### Provided material ###
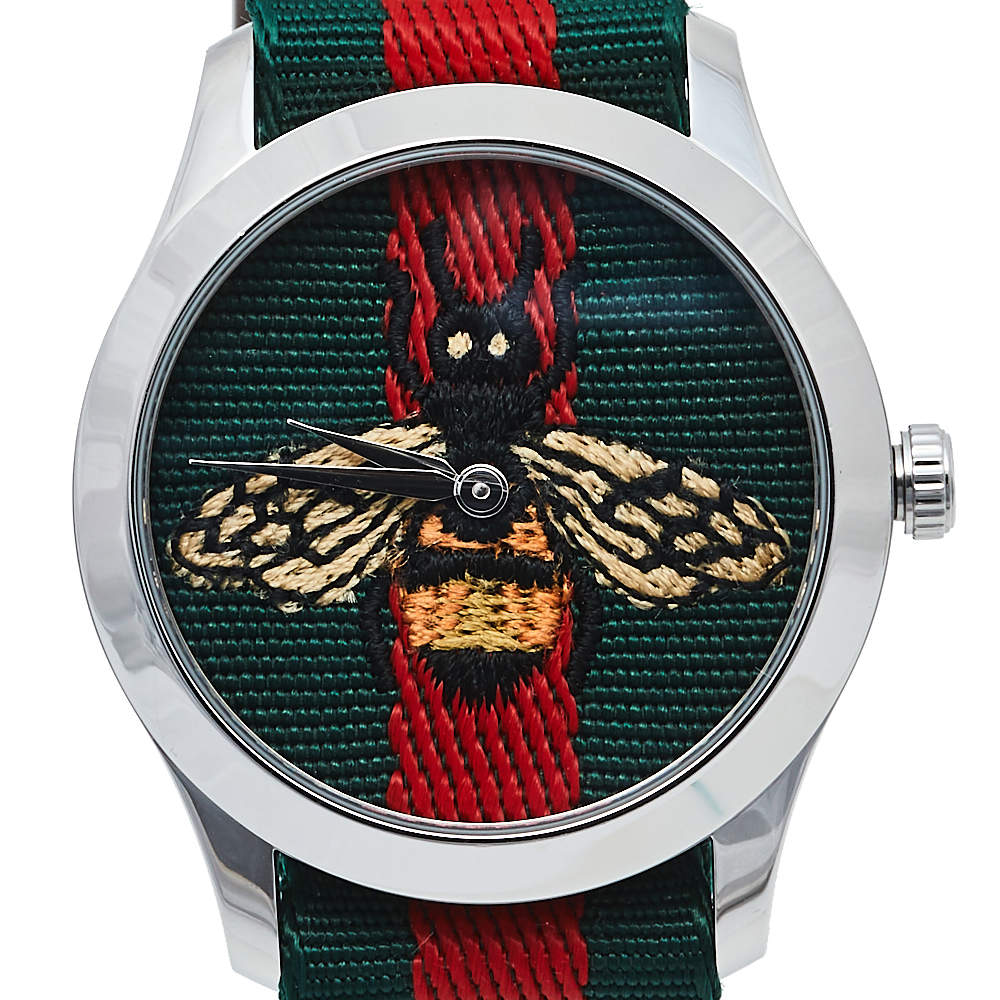  Shop Authentic Gucci Le Marche des Merveilles Red & Green Dial Red & Green Nylon Strap Unisex Watch - YA1264060 - Luxxuri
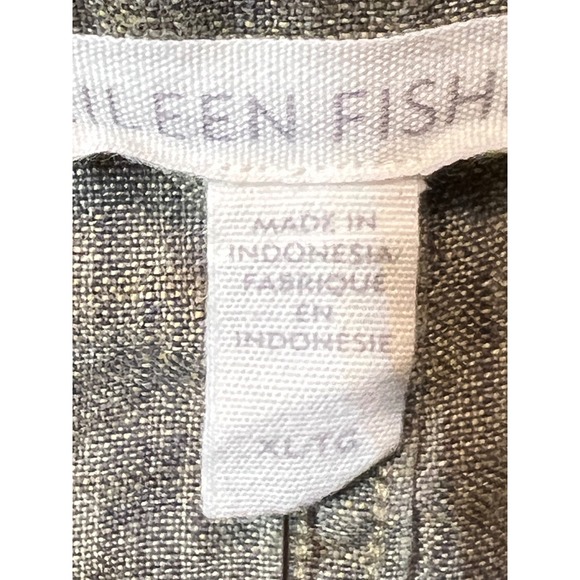 Eileen Fisher XL Green Beige Linen Button Up‎ Shirt Jacket Oversized - Picture 13 of 14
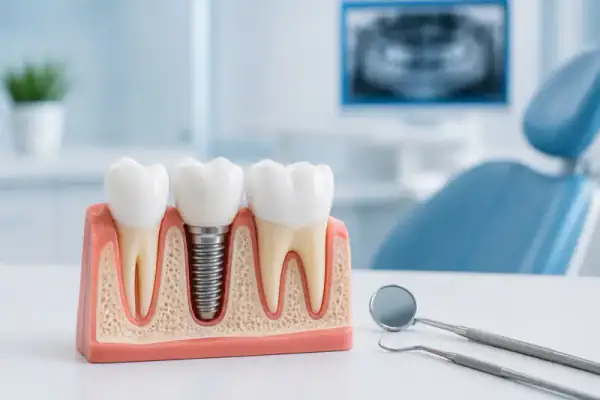 Procedimento de implante dentário na Dentemergência
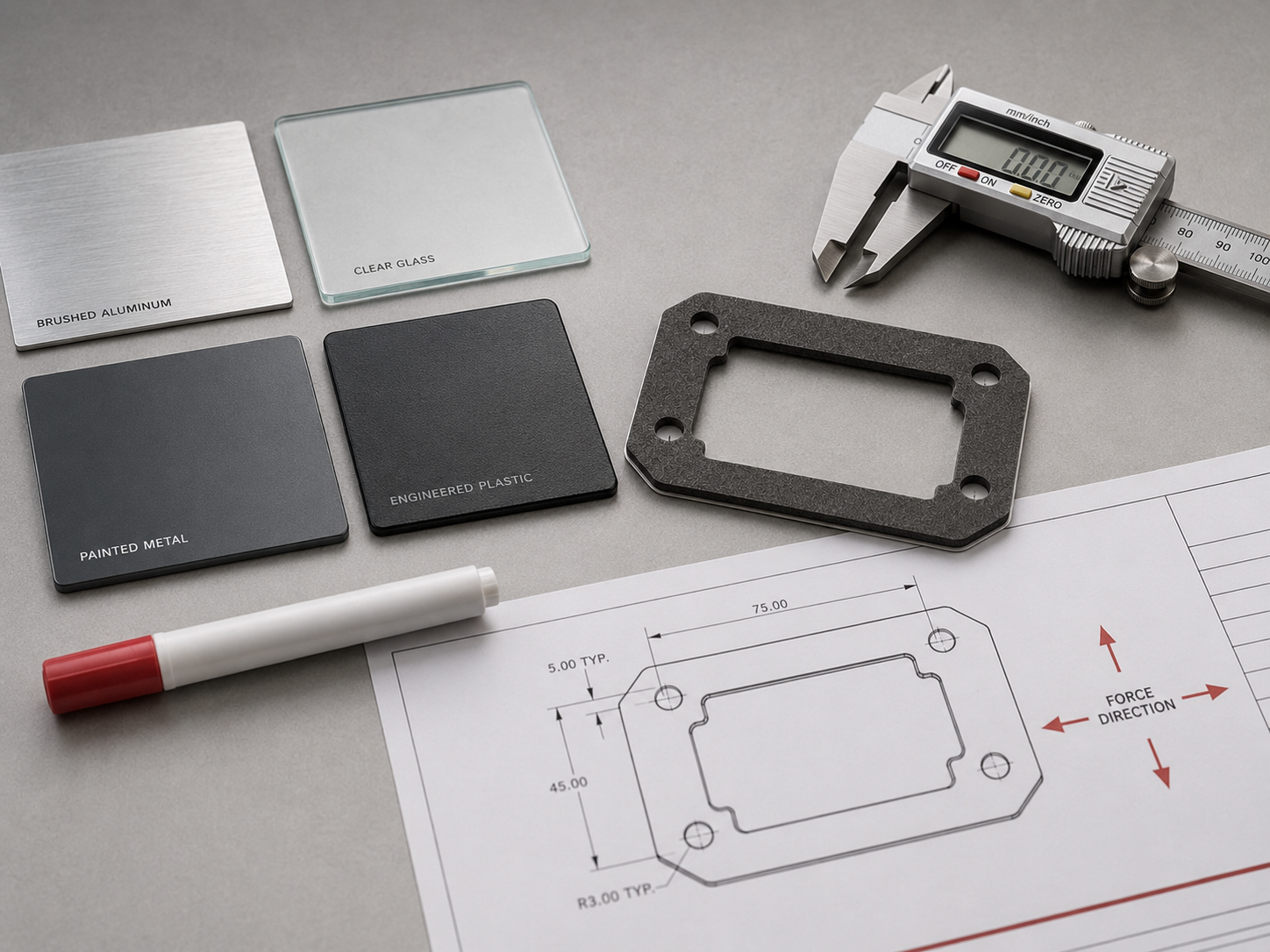 Application engineering workspace with substrate samples, calipers and custom die-cut adhesive component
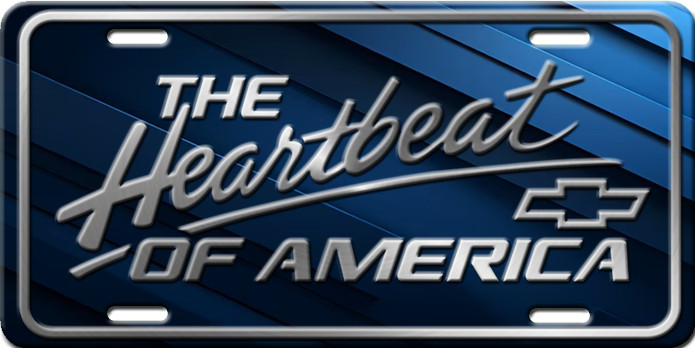 The Heartbeat of America Silver on Blue Metal Aluminum License Plate Tag New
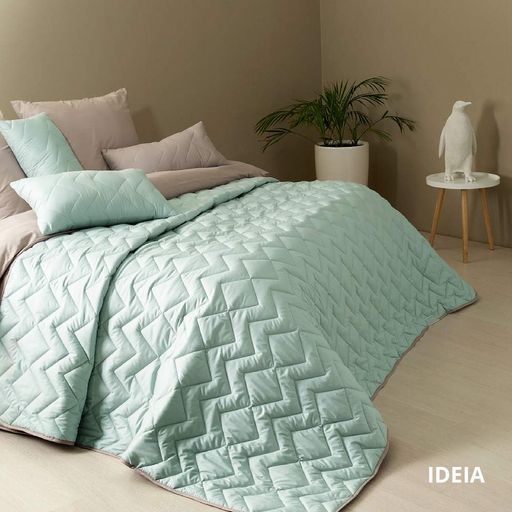 Покрывало стеганное двухстороннее ЛЮКС TM IDEIA 220х240 см мята-серый (933669)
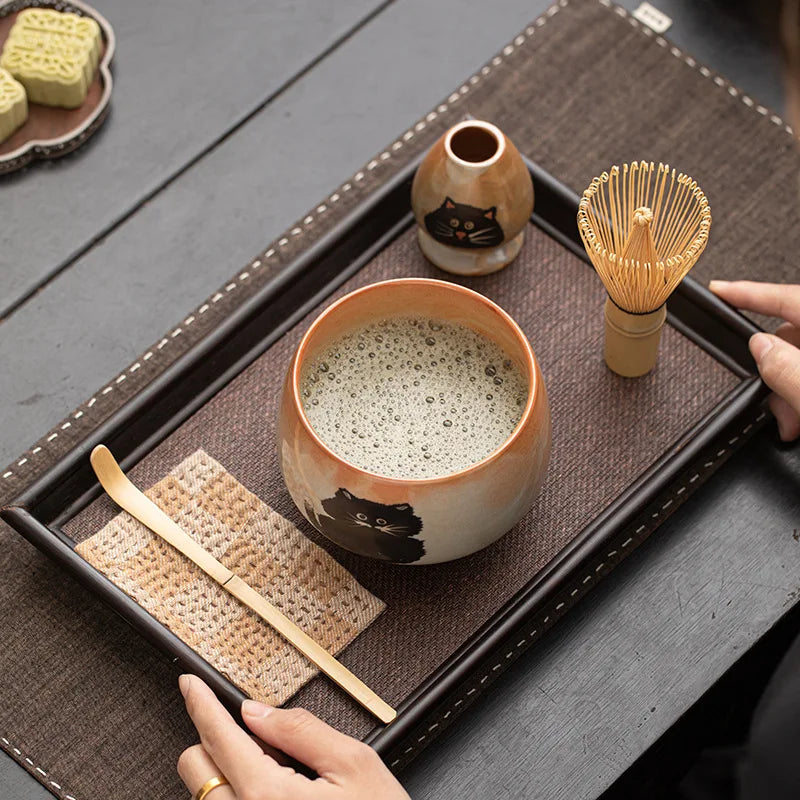 Kuro Neko Matcha Ceremony Set – Handmade Japanese Cat Matcha Bowl & Bamboo Whisk Gift Kit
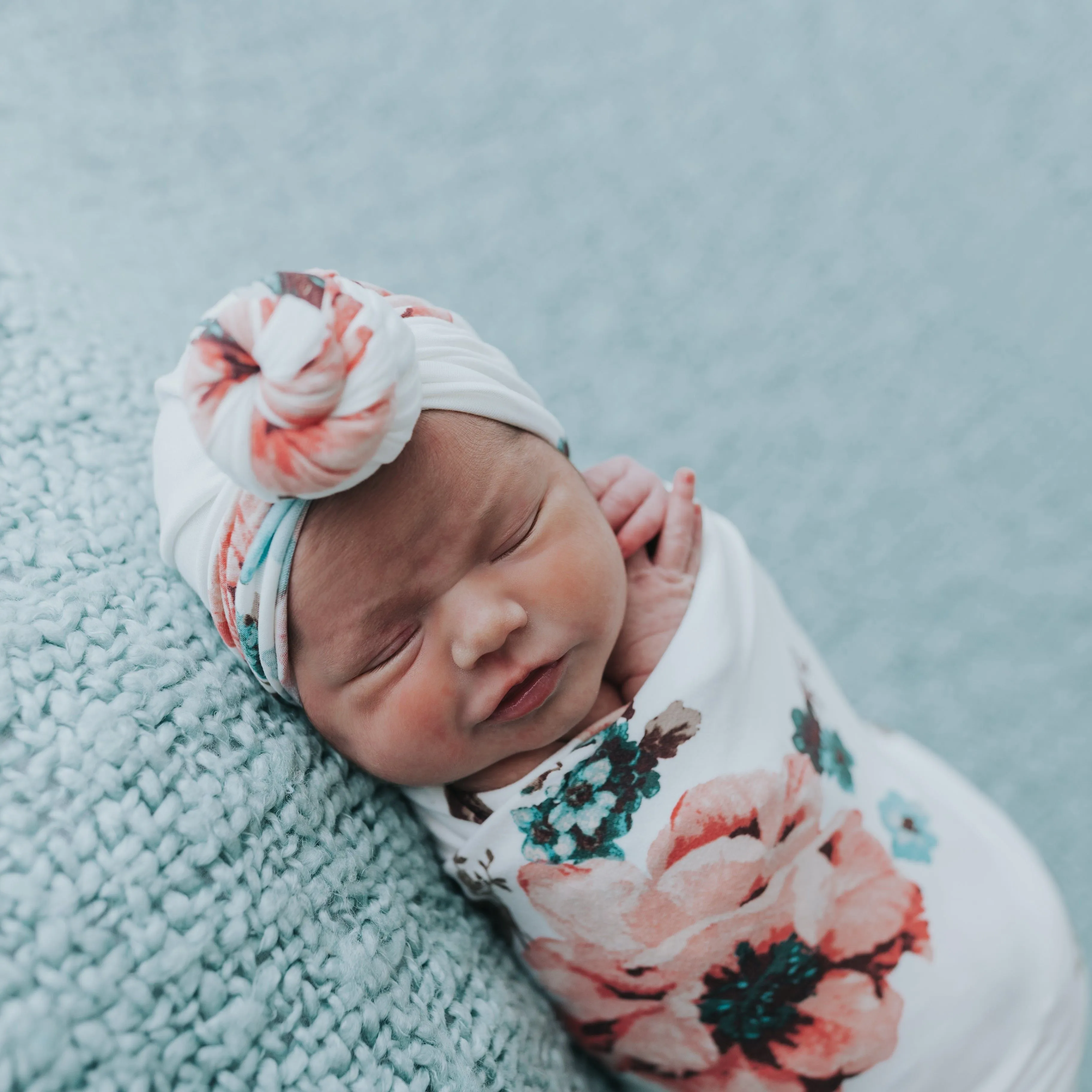 Ivory Floral Swaddle Blanket Set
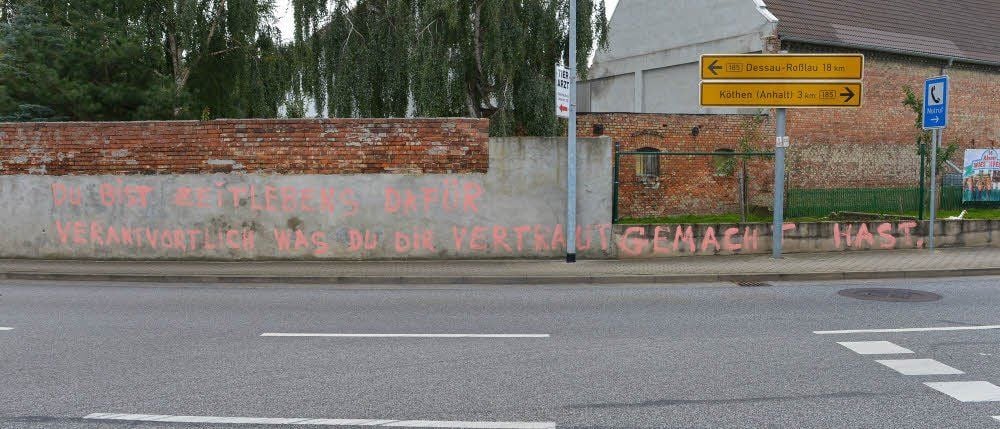 Die beschriebene Wand in Porst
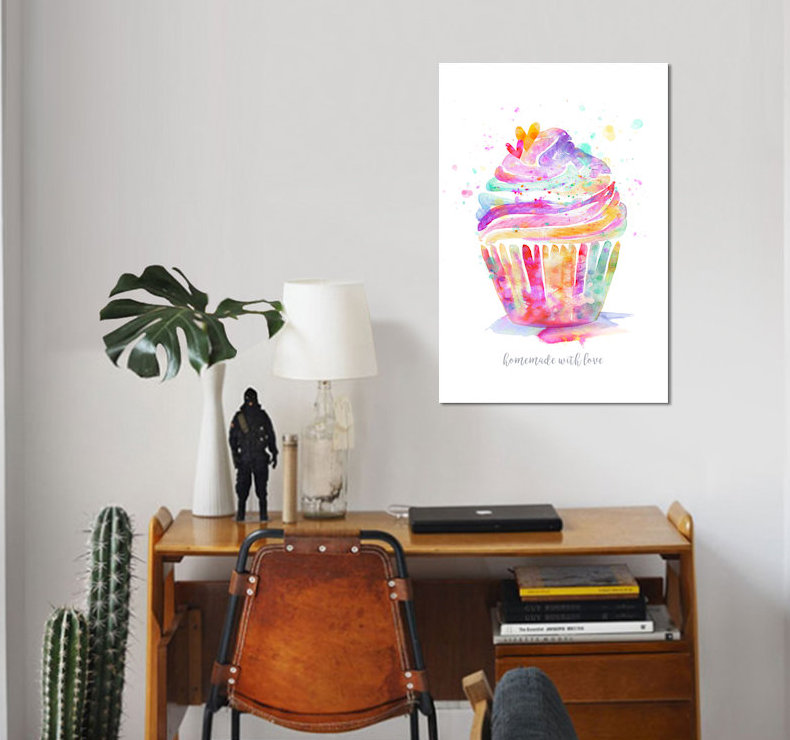 «Hommade With Love Cupcake», reproduction de peinture à l'aquarelle sur toile tendue, H 26 po x l 18 po x P 1,5 po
###
__Task brief__. Each line from the first line of the listing above through the line containing "The Heartbeat of" is to be written out exactly, and the pictures are to be left out.

__Result for this task__.
  Shop Authentic Gucci Le Marche des Merveilles Red & Green Dial Red & Green Nylon Strap Unisex Watch - YA1264060 - Luxxuri
 Eileen Fisher XL Green Beige Linen Button Up‎ Shirt Jacket Oversized - Picture 13 of 14
 Procedimento de implante dentário na Dentemergência
 Application engineering workspace with substrate samples, calipers and custom die-cut adhesive component
 The Heartbeat of America Silver on Blue Metal Aluminum License Plate Tag New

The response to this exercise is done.